The physician and patient can then talk about the best hormone therapy approach, she said. Some patients may benefit from a lower dose of hormones.
“Many women will have symptom relief from a lower dose. I think that it is reassuring to always start with a little bit less. Nevertheless, you can move it up if you need to,” she said. The therapy can start before a woman stops menstruating, she said.
The second is a patient who is somewhat bothered by some menopausal symptoms but does not think the symptoms warrant the use of any medication. This patient history that makes them likely to develop osteoporosis, a condition that hormone therapy could potentially help.
It is difficult to decide on the best treatment course for this middle-of-the-road patient, as Dr. Stuenkel characterizes her. To help make the hormone therapy decision, Dr. Stuenkel would ask questions about how much calcium the patient takes, whether the patient has adequate vitamin D intake, and exercise, smoking, and alcohol habits.

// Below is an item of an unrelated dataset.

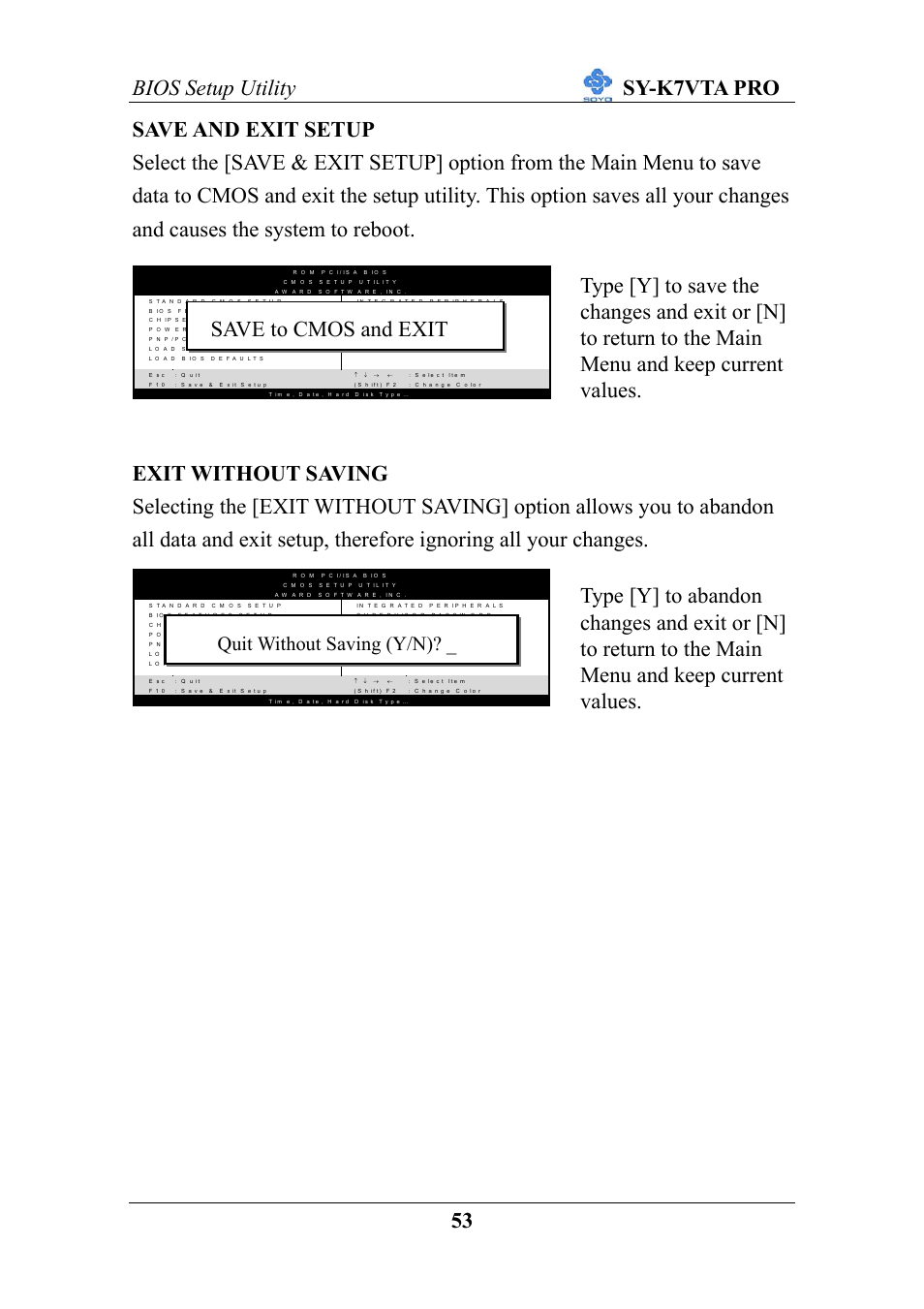 Save to cmos and exit, Quit without saving (y/n) | SOYO SY-K7VTA PRO User Manual | Page 57 / 98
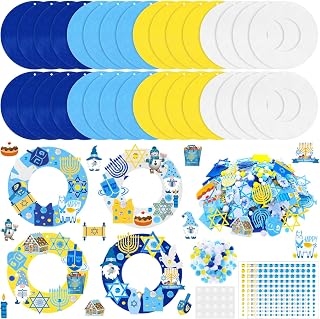 472 Pcs Hanukkah Craft Kits Hanukkah DIY Wreath Craft Kit Chanukah Wreath Arts Decorations with Menorah Dreidel Gnome Stickers for Indoor Outdoor Home Party Favors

“It makes it a little tricky because we really don’t have good guidelines for measuring bone density in pre-menopausal women,” Dr. Stuenkel said.
Dr. Stuenkel would most likely opt for a conservative approach and steer clear of hormone therapy initially. “If you wait a year and have the bone density re-measured, maybe this patient who is concerned about osteoporosis will develop bad symptoms of hot flashes that will make her choice to go on estrogen easier,” she said.

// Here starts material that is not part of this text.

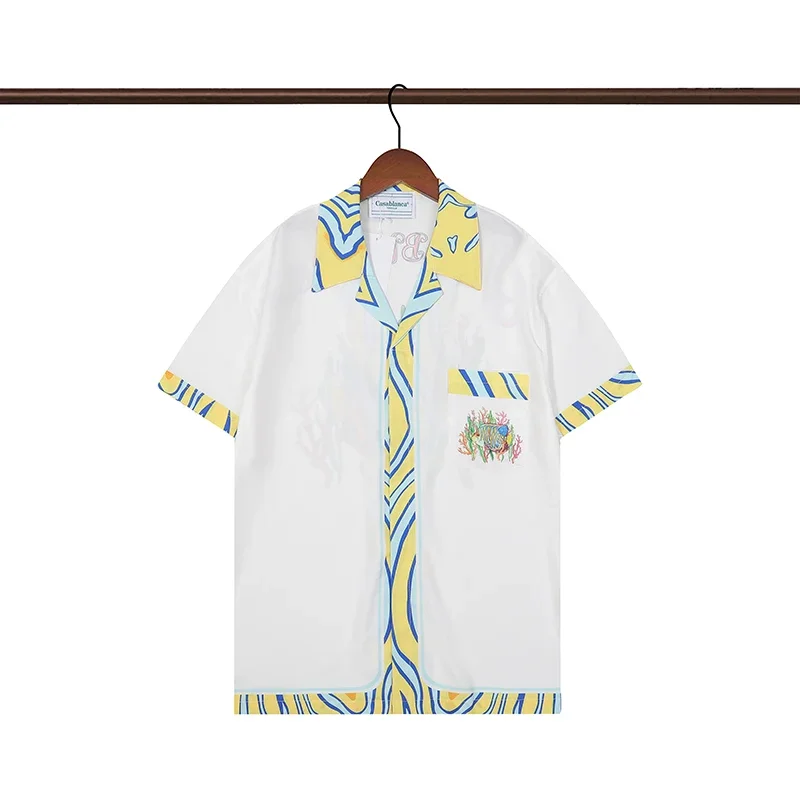 

CASABLANC Cartoon Fish+Letter Printing Polyester Shirt Thin Oversize Breathable Button Men Women TEE Lapel Collar Short Sleeve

Within the next year, the World Health Organization is expected to release guidelines on bone mineral density that will help physicians estimate a patient’s risk for related problems, she said. “I think this is going to help us feel comfortable and might give us more information to say to that woman, ‘With this family history, maybe you’ve had a fracture in the last couple of years, maybe you should be treated.’ It will make us feel more strongly justified in our choices,” she said.

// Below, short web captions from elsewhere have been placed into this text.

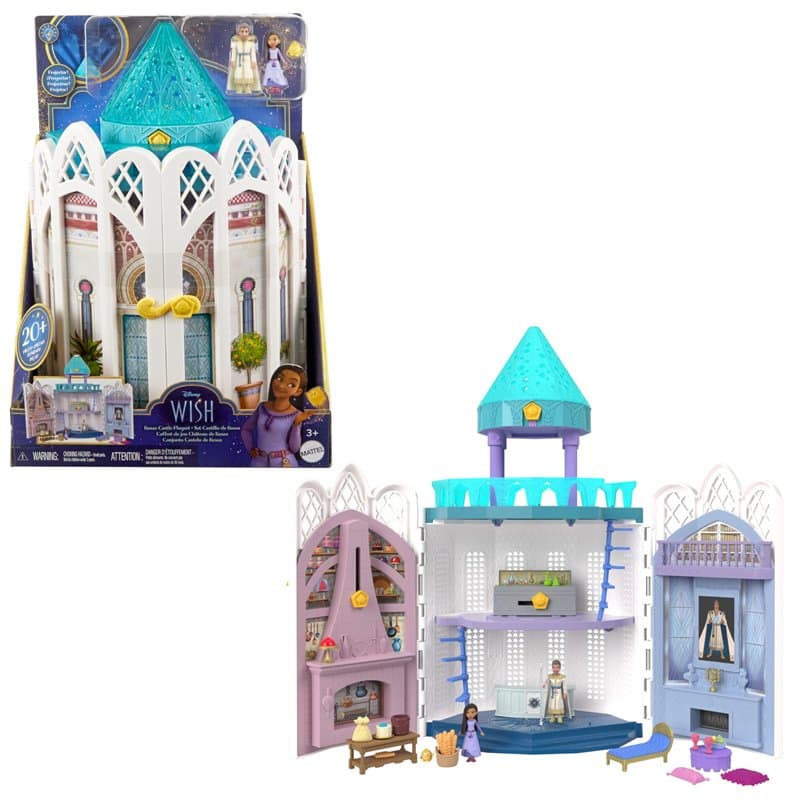 Mattel Disney Wish, Asha et la bonne étoile - Coffret Wish Château De Rosas Avec Mini-Poupées Articulées Roi Magnifico Et Asha,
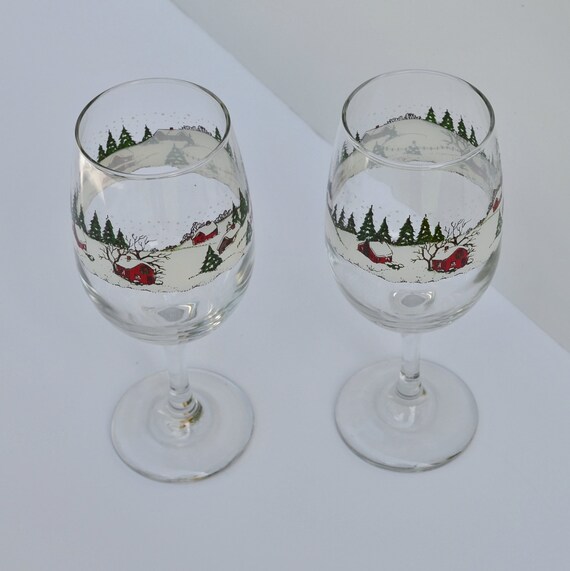 Vintage Christmas Wine Glasses Vintage Christmas Drinking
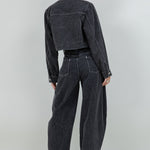 Barrel Leg Pant - black, womens pant/matching set collection
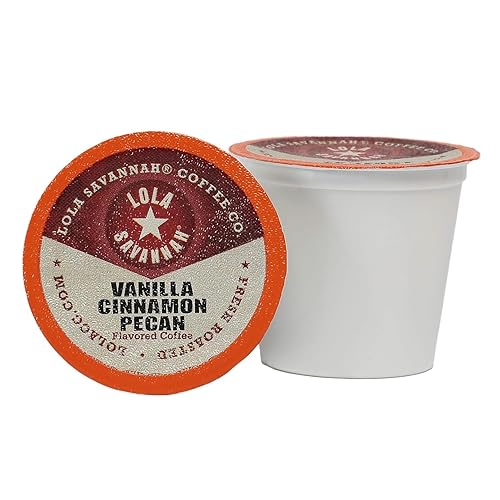 Lola Savannah Vanilla Cinnamon Pecan Caffeinated Coffee Pods Flavored Coffee in Pod Shaped Containers, 72 Count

The third patient is a woman who does not have any bothersome menopausal symptoms and has good bone density test results. This patient may have the right mix of good genes and a healthy lifestyle, Dr. Stuenkel said.
“She probably has a good diet, may or may not exercise, and I would just reinforce with her that those lifestyle things become increasingly important as women pass through menopause transitions,” Dr. Stuenkel said.
This patient is not well suited for hormone therapy, she said.
“I am not convinced that we have strong enough data to recommend hormone therapy for prevention, and prevention alone, of osteoporosis, heart disease, or cognitive decline,” she said.
Lifestyle changes benefit patients
Although patients who are symptomatic are more likely to ask their physician for advice, even women with no problems are seeking information on lifestyle changes for a healthier transition into menopause, Dr. Stuenkel said.
“I think more and more women say, ‘What do we need to stay healthy?’” she said. “I try to convince women to look at menopause as a tiny haystack. We all know what we are doing right and what we’re not doing right. You don’t need to go to your doctor to find out that you should exercise more, because everybody knows this. But your doctor might help you measure things like your fasting blood sugar, your cholesterol, or ask if you’ve had a mammogram. Those are good things to do to take stock,” she said.
Women should not feel boxed in by the hormone therapy decision, Dr. Stuenkel said. “I think women toss and turn and feel ‘I have to make the estrogen decision.’ It’s not like you can’t go back,” she said. Women may bear the hot flashes for a few months and then decide to get hormone therapy, or they may try hormone therapy and decide that it is not helping, so they stop it, she said.